Vatican Official Claims Canon Law Required Giving Communion to Argentine President

Argentine newspaper La Nación posted a video of the Mass, in which Argentina's President Alberto Fernández and Fabiola Yáñez, the president's domestic partner, can be seen approaching the bishop to receive the Eucharist.

Pope Francis greets the president of Argentina, January 31, 2020.
Pope Francis greets the president of Argentina, January 31, 2020. (photo: Casa Rosada/Wikimedia )

VATICAN CITY — A Vatican official has defended his decision to administer the Eucharist to Argentina's president, despite the leader’s effort to legalize abortion in his country. The official also administered the sacrament to the president’s consort, who is by protocol Argentina’s first lady.

Argentine Bishop Marcelo Sánchez Sorondo, chancellor of the Pontifical Academy of the Sciences, administered Holy Communion during a Mass offered Jan. 31 in the grotto of St. Peter’s Basilica, shortly before a meeting between President Alberto Fernández of Argentina and Pope Francis.

Argentine newspaper La Nación posted a video of the Mass, in which Argentina's President Alberto Fernández and Fabiola Yáñez, the president's domestic partner, can be seen approaching the bishop to receive the Eucharist.

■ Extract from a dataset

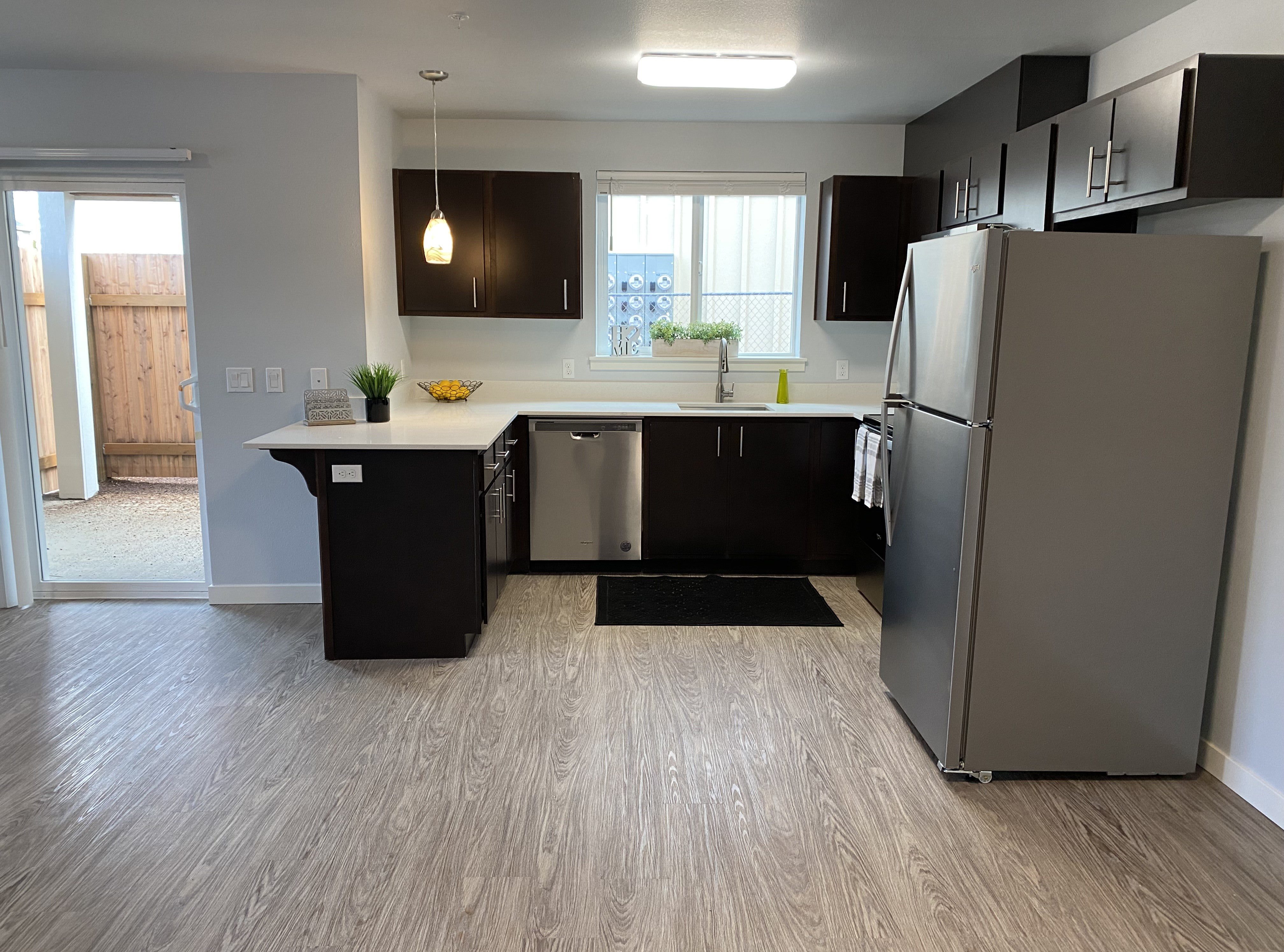 New Carpet One Level House Located In North Albany – photo 4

President Fernández has pledged to promote a bill in the country’s legislature that would legalize abortion. In 2018, Argentina’s Senate defeated a bill that would have legalized abortion in the first 14 weeks of pregnancy.

The Argentine bishops have responded to the president’s abortion advocacy with a planned pro-life Mass and other pro-life activities.

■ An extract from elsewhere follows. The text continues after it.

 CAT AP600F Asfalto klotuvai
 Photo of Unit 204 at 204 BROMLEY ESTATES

President Fernández was divorced in 2005. Yanez has been his consort since 2014; in 2019 she moved into Argentina’s presidential residence.

Archbishop Sorondo was asked by online newsite LifeSiteNews last week about the distribution of Holy Communion to President Fernandez.

The bishop said that according to canon law “you are obliged to give communion if somebody asks you for communion. Only in the case that he is excommunicated. The President is not excommunicated, so I can give communion if he asks me for communion.”

Canon 915 of the Church’s Code of Canon Law says that Catholics who are ”obstinately persevering in manifest grave sin are not to be admitted to holy communion.”

In 1994, the Congregation from the Doctrine of the Faith clarified that “Members of the faithful who live together as husband and wife with persons other than their legitimate spouses may not receive Holy Communion.”

With regard to advocacy for the legal protection of abortion, in 2004 Cardinal Joseph Ratzinger, then Prefect for the Doctrine of the Faith, issued a memorandum to US bishops which stated that a Catholic politician who consistently campaigns and votes for permissive abortion and euthanasia laws “should not present himself for Holy Communion until he brings to an end the objective situation of sin” and that his pastor should warn him “that he will otherwise be denied the Eucharist.”

Also present at the Mass were members of Fernández’ government, accompanying him on a European trip: Foreign Minister Felipe Solá; Secretary for Strategic Affairs, Gustavo Beliz; Justice Minister, Marcela Losardo; and the Secretary for Religious Affairs, Guillermo Oliveri.